MALCAが初のMLCPフォーラムを開催(1/2)
2013/4/9
2013年3月31日(日)午後1時から、東京・千代田区の日比谷図書文化館で「MLCPフォーラムVol.1」が開催されました。
主催は一般社団法人マンションライフ継続支援協会(MALCA)、後援は国土交通省、内閣府(防災担当)、復興庁。会場となった大ホールは、200人を超える参加者で満席となりました。
フォーラムの最後に、MLCP(Mansion Life Continuity Plan マンション生活継続計画)検討会がまとめた提言を発表し、参加者からは大きな拍手が送られました。
民・学・公・産の有志によるMLCP検討会
フォーラムでは、司会の渡邊紳太郎氏(アサツー ディ・ケイ)による開会挨拶のあと、MLCP検討会座長の三橋博巳氏(日本不動産学会会長)から主催者挨拶がありました。
続いて、来賓の中島正弘氏(復興庁次官)、山根弘美(高層住宅管理業協会理事長)[注1]、親泊哲氏(日本マンション管理士会連合会会長)の各氏からそれぞれゲストスピーチがあり、MLCPに期待する祝辞が述べられました。
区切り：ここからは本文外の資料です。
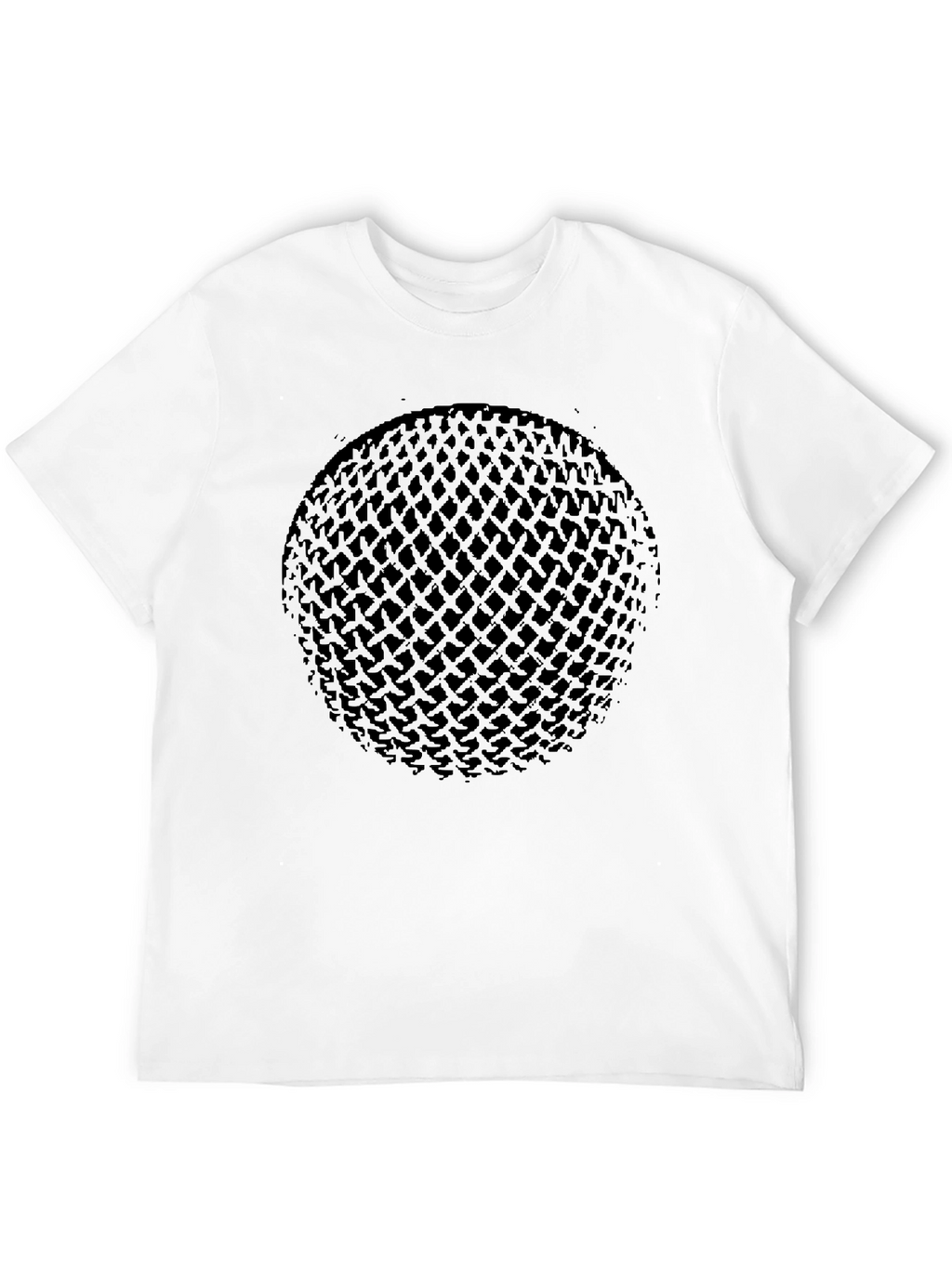 Mens Black Graphic Tee - Abstract Sphere Design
注1: 高層住宅管理業協会は、2013年4月1日から、名称を「マンション管理業協会」に変更しました。
次に、MLCP検討会事務局長の飯田太郎氏から、これまでの1年以上にわたる活動に関する経過報告が行われ、民・学・公・産から個人の立場で参加した、発起メンバーをはじめとする関係者の手弁当による協力に謝意が述べられました。
飯田氏は、「災害時にマンション住民はある意味で“優先的に”放っておかれることを忘れてはいけない」と、MLCP普及促進の重要性を指摘。多方面にわたる関係者の結集と協力を呼びかけました。
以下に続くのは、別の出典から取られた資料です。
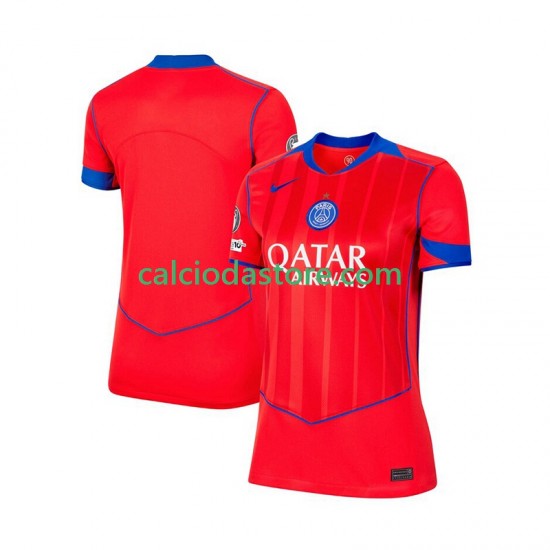Maglia Paris Saint-Germain Gara Terza Donna 2025-2026 MC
講演@: 都市防災に欠かせないマンションの災害時自立
フォーラムの第1部では、まず内閣府の渋谷和久氏(大臣官房審議官・国土強靭化推進担当審議官兼務)が「都市防災に欠かせないマンションの災害時自立」と題した講演を行いました。
渋谷氏は、現在国が取り組みを進めている老朽化インフラ対策など事前防災のための「強靭化(レジリエンス)」という考え方を紹介し、「マンションにおけるレジリエンスは、建物を強固にするということではなく、例えば竹のようにしなやかな抵抗力と復活力をもたせることだ」と解説しました。
また、マンションの課題解決は、基本的には「まちづくり」と同じだとし、マンションや地域における防災への取り組みの成功事例等を紹介。非常時の助け合いは平時からのつながりがなければできないとして、マンション防災を狭義の「管理」ではなく「コミュニティ」という観点から行うことを推奨しました。。
講演A: エネルギーとマンションコミュニティ
次に、刑部真弘氏(東京海洋大学教授)が「エネルギーとマンションコミュニティ」と題した講演を行いました。
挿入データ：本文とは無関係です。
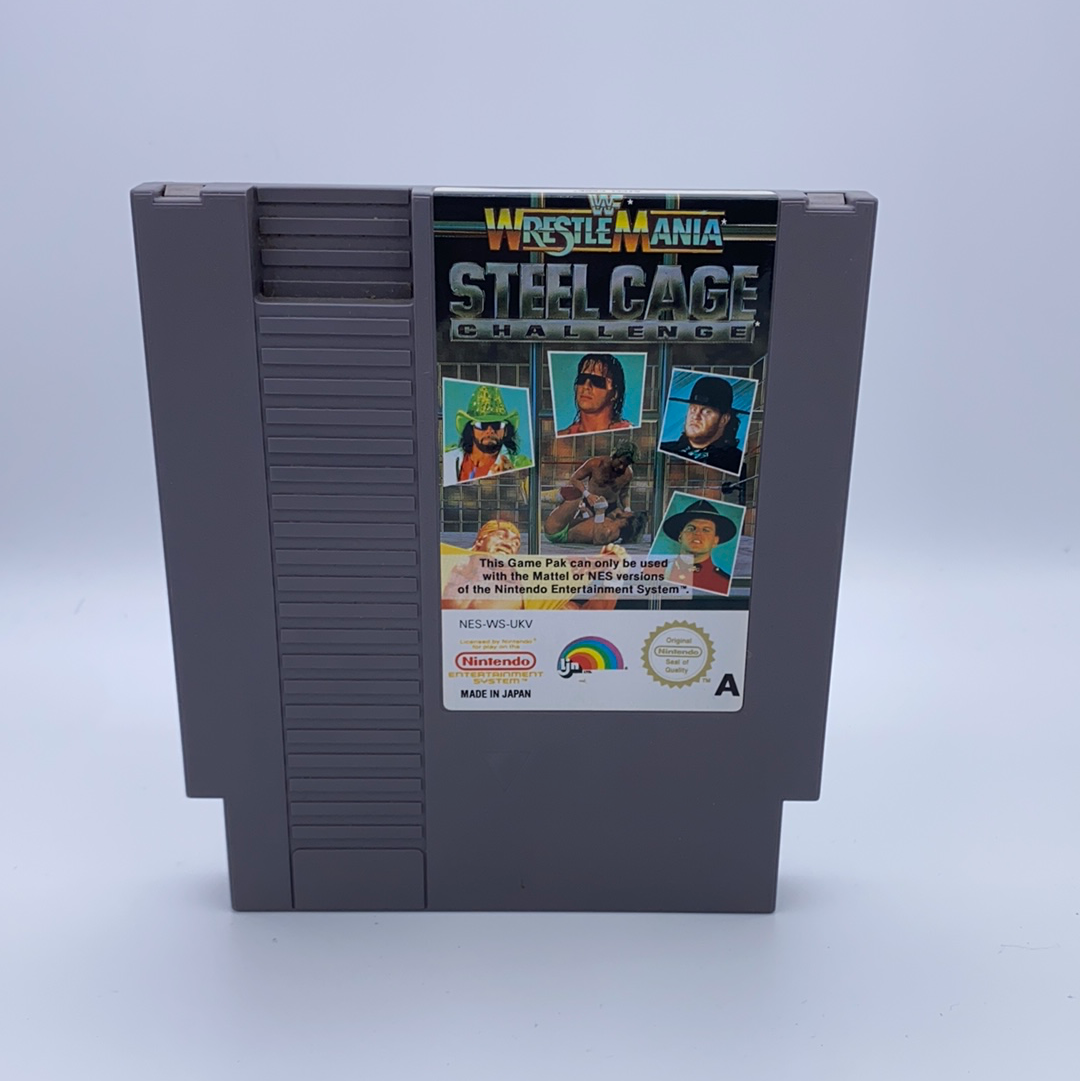 WWF WRESTLEMANIA STEEL CAGE CHALLENGE NES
刑部氏は、東日本大震災後に注目されている、再生可能エネルギーの導入と省エネ(節電)に関する最先端の取り組み事例を紹介し、スマートメーターやエネルギーマネジメントシステム(EMS)を活用した「スマート構想」について解説しました。
また、「節電を呼びかけるだけでなく、使用電力を“見える化”して情報公開すれば、10%程度の節電は達成できる。日本は、それができる国民性をもっている」と、電力消費量グラフを交えて実例を紹介。「大事なことは、個人だけではなく、もっと広く全体の使用電力を計測して節電や電力融通に生かすこと。マンション単位やコミュニティ単位での取り組みが必要」と、今後のさまざまな可能性と方向性を示しました。